Dois dos artigos estavam indexados na base de dados LILACS, um no MEDLINE e um no Pubmed. A partir da análise dos resultados descritos nos artigos, foram elencadas as categorias principais que tratam dos cuidados espirituais prestados pela equipa de enfermagem em UTI, a saber: a) Processo de Enfermagem e os cuidados espirituais; b) Bem-estar espiritual; c) Desafios na assistência aos cuidados espirituais
Discussão
Processo de Enfermagem (PE) e os Cuidados Espirituais
A prática do cuidado em enfermagem diário é embasado em funções sistematizadas exercidas pelos enfermeiros. Segundo o Conselho Federal de Enfermagem (COFEN Brasil, Resolução 358/2009), o PE é uma ferramenta de organização da assistência de enfermagem, disposta nas seguintes fases: Recolha de Dados; Diagnóstico de Enfermagem; Planeamento de Enfermagem; Implementação e; Avaliação de Enfermagem (COFEN, 2009). Isso demarca o enfermeiro como um profissional relevante e autónomo para realizar o cuidado.
Observamos que os artigos incluídos no estudo não apresentam todas as fases desse processo bem delineadas. Isso foi verificado por Viana et al. (2018), que aponta a execução fragmentada do PE devido às falhas no conhecimento científico e falta de tempo ou capacitação. Além disso, o cuidado é realizado desvinculado da sistematização da assistência, dificultando a sua percepção e continuidade deste cuidado.
Entretanto, foi possível identificar recolha de dados e diagnóstico de enfermagem nos estudos de Brito et al. (2013) e Lundberg et al. (2010).
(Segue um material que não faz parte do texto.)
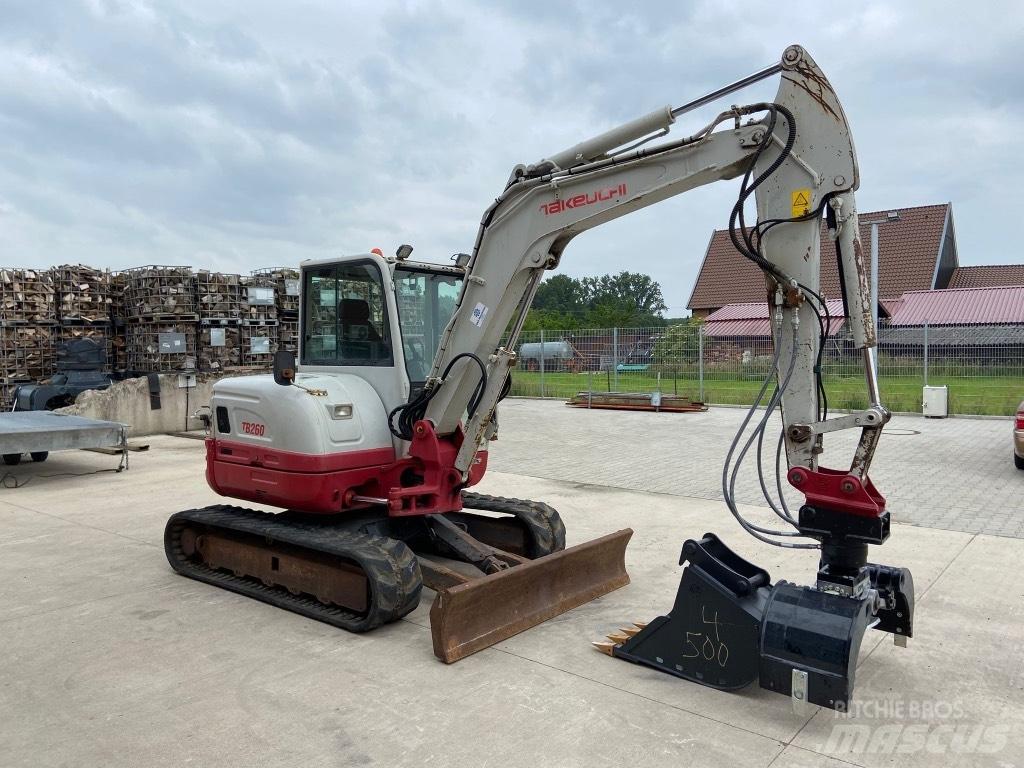 Takeuchi TB 260 Mini kotrók < 7t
Estes autores relataram que a comunicação verbal (com o paciente ou com a família) ou não-verbal (símbolos que remetem a crenças religiosas) são os principais meios de identificação das necessidades e sofrimento espirituais dos pacientes na UTI. Ao realizar o cuidado espiritual, o enfermeiro tem que apresentar uma destreza eficaz durante a comunicação, pois a sua importância é ímpar para a identificação das necessidades espirituais e o sofrimento espiritual (Caldeira & Timmins, 2017).
Para que ocorra a identificação adequada das necessidades dos pacientes, o enfermeiro precisa ter interesse em conhecê-lo e aplicar o conhecimento e as habilidades para realizar o PE (Sousa et al., 2018). Este é um processo constante, caracterizado pela pesquisa de informações e observação dos usuários e familiares, determinando assim, as intervenções das suas necessidades espirituais (Caldeira & Timmins, 2017). Concernente a isso, observa-se a importância de uma minuciosa pesquisa de informações, pois há indícios de forte correlação entre diagnóstico de enfermagem e os resultados positivos das intervenções propostas, reforçando assim a necessidade de um amplo conhecimento científico na prática da enfermagem (Leoni-Scheiber et al., 2020).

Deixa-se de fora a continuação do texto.